DUBAI: President Xi Jinping arrived in Abu Dhabi on Thursday for a three-day visit, after the announcement of oil and trade deals between China and the UAE.
Crown Prince Sheikh Mohammed bin Zayed said he was “delighted” to welcome Xi, posting photos on Twitter of the Chinese president receiving flowers on landing in the emirate.
“This is a historic visit and represents a new stage of cooperation in all fields, which will bring growth, development and prosperity to the people of our nations,” said the crown prince of the UAE capital.
Abu Dhabi is the first stop on Xi’s tour, which also includes Senegal, Rwanda and South Africa.
The Chinese president’s arrival followed the Gulf state earlier on Thursday publishing details of new deals clinched with Beijing.
State-owned Abu Dhabi National Oil Co. said it had awarded two contracts worth $1.6 billion (1.4 billion euros) to BGP Inc., a subsidiary of China National Petroleum Co., for a seismic survey in the emirate.
The survey is to search for oil and gas in onshore and offshore sites covering an area of 53,000 square kilometres (20,463 square miles), the statement said.
State-run CNPC already has two concession rights contracts with ADNOC worth around $3 billion.

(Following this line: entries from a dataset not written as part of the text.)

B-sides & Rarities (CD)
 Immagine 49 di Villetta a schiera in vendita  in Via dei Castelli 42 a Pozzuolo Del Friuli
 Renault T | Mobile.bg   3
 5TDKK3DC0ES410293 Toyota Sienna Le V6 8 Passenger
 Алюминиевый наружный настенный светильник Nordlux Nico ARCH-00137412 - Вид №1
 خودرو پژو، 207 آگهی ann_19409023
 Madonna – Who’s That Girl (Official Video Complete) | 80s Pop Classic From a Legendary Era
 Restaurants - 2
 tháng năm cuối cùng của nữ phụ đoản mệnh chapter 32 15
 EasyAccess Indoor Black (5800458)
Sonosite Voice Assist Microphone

The UAE’s state-owned DP World also announced an agreement by the two countries to build a new trade zone in Dubai.
The deal between the global port operator and the Zhejiang China Commodities City Group will see a “traders’ market” built at Dubai’s Jebel Ali free zone.
The project is part of China’s trillion-dollar “One Belt, One Road” infrastructure initiative, an ambitious plan to revive the ancient Silk Road trading routes with a global network of ports, roads and railways.
The new facility will cover three square kilometres at the Jebel Ali site, which is the Middle East’s largest trade zone, DP World said in a statement.
The market will host a vast range of goods from food and cosmetics to building materials and technology.
DP World, which operates in 40 countries, did not announce the value of the deal or provide a timeframe for its construction.
China is the United Arab Emirates’ top trading partner, with non-oil trade in 2017 rising 15 percent year-on-year to over $53.3 billion — more than 90 percent of it Chinese exports to the UAE, according to Abu Dhabi’s finance ministry.
The UAE is also one of the top 15 crude suppliers to China, exporting some $4 billion worth of oil to Beijing last year. Ninety-six percent of the country’s oil reserves are located in Abu Dhabi.
In a further sign of strengthening ties between the two countries, Dubai-based real estate developer Emaar Properties on Wednesday announced plans to build the Middle East’s largest Chinatown in the UAE.